Will AI turn a technical person into a non technical person? Qualified yes, if that non-technical person wants to use AI as a teaching aide, rather than a skill replacement. If you are non-technical person, ready to deploy a cool app to AWS cloud, consider this: when I first learned cloud development, I somehow made a git commit that publicly exposed (non-root) AWS access credentials. Next, I got a surprise $635 dollar bill. Amazon had disabled the compromised IAM user. They forgave the bill, but I still went region by region, resource by resource, to ensure nothing was left running. This is one of hundreds of ways thing can go wrong if you don’t know what to ask for.

This leads to another point. AI can give you ideas, recommendations, explanation of trade offs, but it cannot make decisions for you. I chose to deploy this project with Fargate because it was simple (see above, KISS method), but that decision was pretty unconstrained. I’m not considering pre-existing infrastructure, as one would in a professional environment. I am barely considering the cost too. I would under no circumstances trust an AI to tell me “how much will running this project cost?” or “will Fargate be costlier than EKS?” because it likely will hallucinate the math. It would flatter me with “great question!” while doing so.
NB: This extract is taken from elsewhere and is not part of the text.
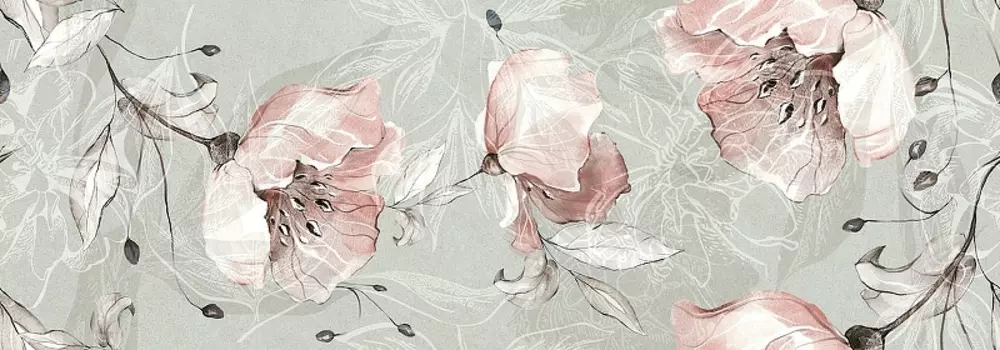 Керамическая плитка Love Ceramic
There is one final thought though. Even though AI did not make this project exponentially faster to deploy, it did make it overall easier. As I debugged and re-deployed, it was nice to have an integrated terminal to ask questions, rather than have four browser tabs open between official documentation, stack overflow, a repo of sample code etc. If I updated or introduced a variable name, I did not have to scour my code for every single reference either. I also grew in skill as I asked it questions about why it structured code a certain way. It answered questions when I didn’t understand a particular error in deployment, a cloud watch log, or even locally.

The explanations have always been fruitful, even if I make mental notes to double check for accuracy.

Thanks for reading, and remember, this is only one developer’s experience!